In Iran si registra un preoccupante aumento di pressioni, intimidazioni e arresti nei confronti della comunità ebraica locale, a seguito dell’operazione israeliana “Rising Lion”. Secondo fonti raccolte da Iran International, nelle ultime settimane le forze di sicurezza del regime avrebbero condotto raid nelle abitazioni di numerose famiglie ebraiche a Teheran, Shiraz e Isfahan, confiscando telefoni, computer e altri dispositivi elettronici. Diversi cittadini sarebbero stati arrestati o trattenuti per giorni con l’accusa di avere contatti digitali con parenti in Israele o per aver compiuto viaggi precedenti nello Stato ebraico – accuse considerate particolarmente gravi secondo la legislazione iraniana.
Fonti interne alla comunità parlano di un “clima di paura”, con interi nuclei familiari portati via per essere interrogati. Non è noto il numero esatto dei detenuti, ma i nomi di decine di persone starebbero già circolando online e tra gli attivisti per i diritti civili. La popolazione ebraica in Iran è oggi stimata intorno ai 10.000 individui, un netto calo rispetto agli oltre 80.000 presenti prima della Rivoluzione Islamica del 1979. Le principali comunità risiedono proprio nelle città maggiormente colpite dalle recenti perquisizioni.

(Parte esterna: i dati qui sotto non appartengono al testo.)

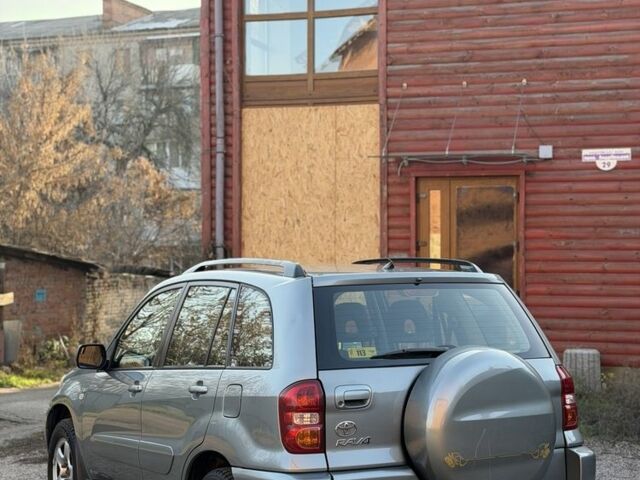 Синий Тойота РАВ 4, объемом двигателя 2 л и пробегом 313 тыс. км за 4350 $, фото 6 на Automoto.ua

In una dichiarazione ufficiale, il rappresentante della comunità ebraica nel Parlamento iraniano, Dr. Younes Hamami Lalehzar, ha confermato che i bombardamenti aerei hanno causato “gravi difficoltà” alla popolazione ebraica, citando danni materiali ad abitazioni e strutture comunitarie. Tuttavia, ha ribadito la fedeltà della comunità al regime e ha condannato apertamente Israele e Stati Uniti. Dello stesso tenore le parole del Rabbino Capo dell’Iran, Yehuda Gerami, che ha dichiarato: «Noi, ebrei iraniani, consideriamo questo Paese la nostra patria e sosteniamo il regime islamico». Ma dietro queste dichiarazioni — spesso rilasciate sotto forti pressioni — si cela una realtà molto diversa. Centinaia di persone, tra cui molti ebrei, sono stati arrestati dal regime. Secondo l’Association Femme Azadi, organizzazione in esilio che monitora le violazioni dei diritti civili in Iran, sono almeno 700 le persone sospettate di legami con Israele dall’inizio dell’operazione “Rising Lion”, tra cui diversi rabbini e leader religiosi ebrei a Teheran e Shiraz.

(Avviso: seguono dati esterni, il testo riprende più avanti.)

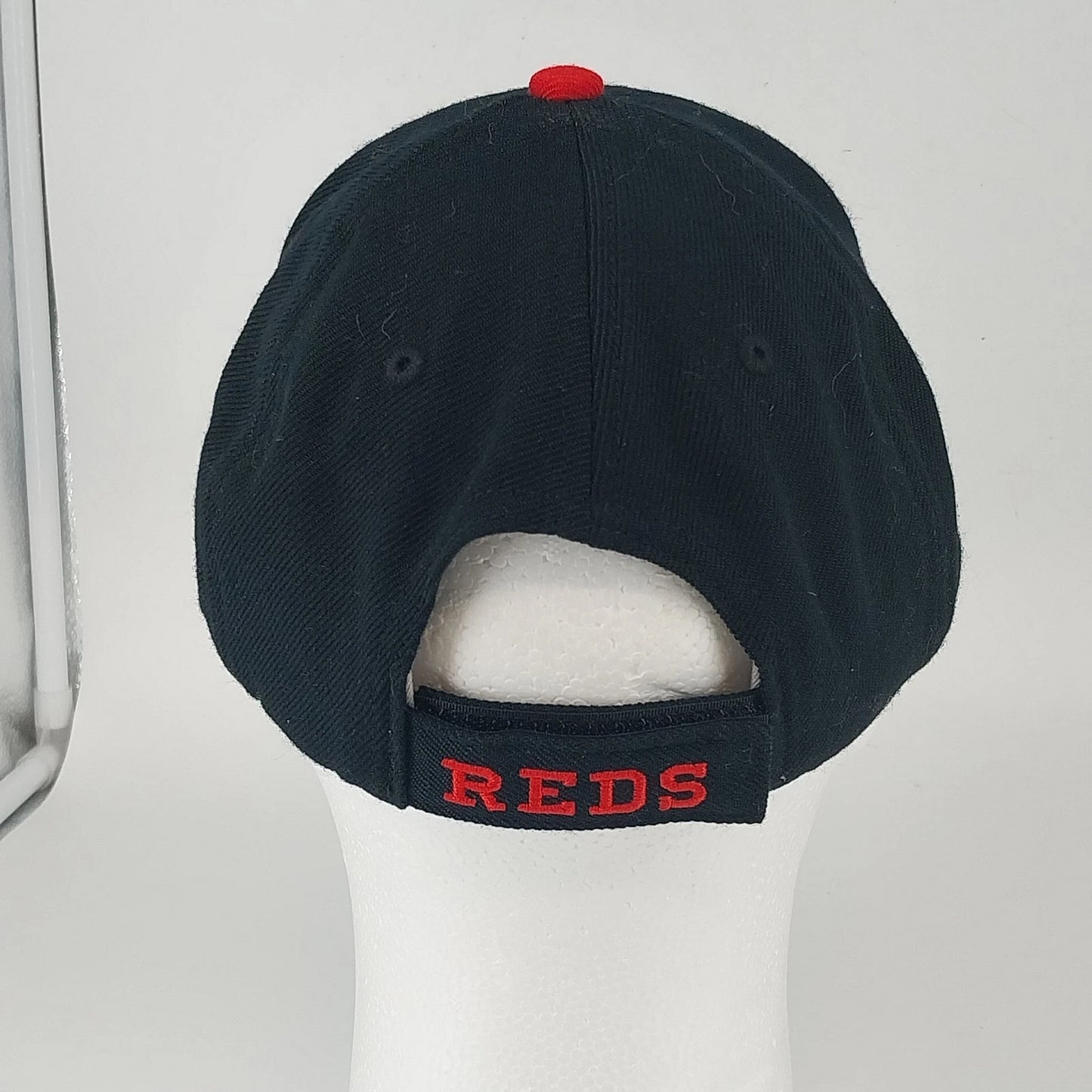 Nike Cincinnati Reds Black Red Bill Hat MLB Cap Hook Loop Adjustable OSFM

Secondo l’emittente israeliana KAN, almeno sei persone sarebbero state giustiziate nelle ultime settimane con l’accusa di collaborare con il Mossad. Il numero complessivo di esecuzioni per presunte attività di spionaggio nel 2025 salirebbe così a nove. In questo clima di crescente repressione, si è svolta giovedì a Teheran una cerimonia pubblica di sostegno al regime, organizzata ufficialmente dalla comunità ebraica. L’evento ha visto la partecipazione di soldati ebrei dell’esercito iraniano in uniforme e con la kippà, ed è stato descritto dai media statali come una celebrazione della “risposta decisiva” dell’Iran ai raid israeliani. Il Dr. Homayoun Sameyah Najafabadi, altro rappresentante ebraico nelle istituzioni, ha riferito che diversi edifici comunitari sono stati danneggiati durante gli attacchi.

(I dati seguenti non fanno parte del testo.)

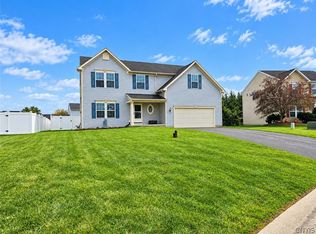 5555 Perth Crse, Clay, NY 13041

Tuttavia, secondo numerosi osservatori internazionali, la manifestazione appare come un’iniziativa orchestrata dal regime per mascherare le gravi violazioni dei diritti umani in atto. La minoranza ebraica iraniana si trova oggi più che mai sotto assedio, costretta tra le dichiarazioni di lealtà imposte al regime e il sospetto permanente di essere una “quinta colonna” di Israele.